Number of Fisher Scoring iterations: 2

From the above code we can see that $X_2$ is not important for the $Y$ while $X_1$ is. 
I am wondering if this is enough to prove that $X_2$ has or has not an influence on the $Y$ or if there are cases where this method can lead to errors. 
I am particularly interested in a case where $X_2$ has a significant $p_{\text{value}}$, but it is not actually related to the output. 
 A: Correlation does not imply causation. You typically need some "economic" or theoretical arguments besides the regression coefficients to argue that a variable does not matter even though its coefficient in the regression appears statistically significant. Here is a whole website full of examples dedicated for correlations that have nothing to do with causation. 
In short, regression only is not enough to answer the causation question.
Trough domain knowledge we think that the variable $x_2$ is relevant but we would like to prove it from a statistical point of view. (a comment)
I would not like to generalize too much, but an argument based on domain knowledge + regression results seems fair enough to me. In practice, you could compare the BIC value of the model with $x_2$ to the BIC value of the model without $x_2$. If BIC suggests including $x_2$, that would be a good argument to keep it. Using only statistical significance test (as an alternative to BIC) would neglect the size of the coefficient. Given enough data, even irrelevant variables tend to become statistically significant, even though coefficient values may be pretty small. Using BIC instead of significance testing should solve this problem.
A: The following is a causal question (emphases added):

I want to understand which of the variables have an influence on the Y.
A classical way to do that is to fit a linear model and then check if the pvalue is small enough.
There is a variable X1 that is known to have an effect on the output. There is another variable X2 correlated with X1 and I want to know if X2 has actually an influence on the output or is correlated with it only for its correlation with X1.

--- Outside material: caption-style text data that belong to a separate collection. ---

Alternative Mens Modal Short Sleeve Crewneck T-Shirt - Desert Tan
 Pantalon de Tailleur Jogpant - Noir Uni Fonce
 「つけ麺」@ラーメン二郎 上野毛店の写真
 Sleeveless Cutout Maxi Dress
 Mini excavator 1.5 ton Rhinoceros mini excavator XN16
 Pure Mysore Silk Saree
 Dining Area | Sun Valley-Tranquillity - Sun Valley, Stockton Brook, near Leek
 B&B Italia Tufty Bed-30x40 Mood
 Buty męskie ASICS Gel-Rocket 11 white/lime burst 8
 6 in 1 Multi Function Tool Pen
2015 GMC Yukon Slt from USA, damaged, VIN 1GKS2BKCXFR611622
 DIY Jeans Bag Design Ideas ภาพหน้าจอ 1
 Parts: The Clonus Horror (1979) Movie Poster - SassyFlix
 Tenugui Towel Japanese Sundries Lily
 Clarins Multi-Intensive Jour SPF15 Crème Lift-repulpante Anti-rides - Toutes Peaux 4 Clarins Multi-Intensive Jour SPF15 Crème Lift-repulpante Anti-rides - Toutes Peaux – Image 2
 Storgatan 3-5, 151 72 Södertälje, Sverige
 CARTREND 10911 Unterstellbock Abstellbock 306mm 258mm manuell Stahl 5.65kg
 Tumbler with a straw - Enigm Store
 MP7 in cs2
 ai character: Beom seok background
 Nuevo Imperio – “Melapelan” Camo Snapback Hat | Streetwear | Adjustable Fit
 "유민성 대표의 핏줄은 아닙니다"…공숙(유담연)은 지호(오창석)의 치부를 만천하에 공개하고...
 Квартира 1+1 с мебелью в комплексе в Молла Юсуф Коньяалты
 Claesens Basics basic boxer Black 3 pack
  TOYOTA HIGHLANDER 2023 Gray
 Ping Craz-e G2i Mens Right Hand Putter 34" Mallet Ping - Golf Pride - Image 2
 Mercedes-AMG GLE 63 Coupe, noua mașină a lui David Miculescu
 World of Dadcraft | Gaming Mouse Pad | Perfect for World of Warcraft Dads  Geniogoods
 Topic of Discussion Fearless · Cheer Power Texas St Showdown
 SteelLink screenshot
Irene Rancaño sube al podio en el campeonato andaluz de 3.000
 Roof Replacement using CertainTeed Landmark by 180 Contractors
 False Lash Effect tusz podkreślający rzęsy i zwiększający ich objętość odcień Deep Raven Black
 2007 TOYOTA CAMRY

Clearly, in your case X2 is not causal because the relevant causal diagram (leaving out independent noise terms) is:
Y <- X1 -> X2

Using this notation, if the system were instead
X2 -> Y <- X1

then X2 would be causal.
Unfortunately, without knowing what direction the arrows point these two causal stories are observationally indistinguishable -- both structures can be set up to the the same matrix of correlations between the three variables and so the same linear regression coefficients.
They differ, of course, in their implied counterfactuals: if you were to step in and manipulate X2 in the first system, Y would not be affected, whereas in the second system it would be.
Consequently, 'domain knowledge' amounts to knowing that your dealing with a diagram like the second one rather than like the first one.  (Experimentation would also give you this information).
In the absence of such extra information, the data cannot in general tell you which one you're dealing with.

From the above code we can see that X2 is not important for the Y while X1 is.

You are seeing that X2 is not as useful for predicting Y as X1 is.  But that's not your question at all.

I am wondering if this is enough to prove that X2 has or has not an influence on the Y or if there are cases where this method can lead to errors.

In the absence of some assumption about the causal diagram, it's never enough.  Given such information, it might be enough.  If it is enough, then linear regression might be rather a good way of estimating the size and direction of the true effect.
There are, of course, a lot more causal structures than these.  For example, here is, in some sense, an opposite error.  If the real diagram is
Y <- X1 <- X2

then X1 and X2 are still correlated and X2 really is a cause of Y by virtue of causing X1, but if you put X1 in your regression then it will look like X2 is not (because X2 is independent of Y conditional on X1).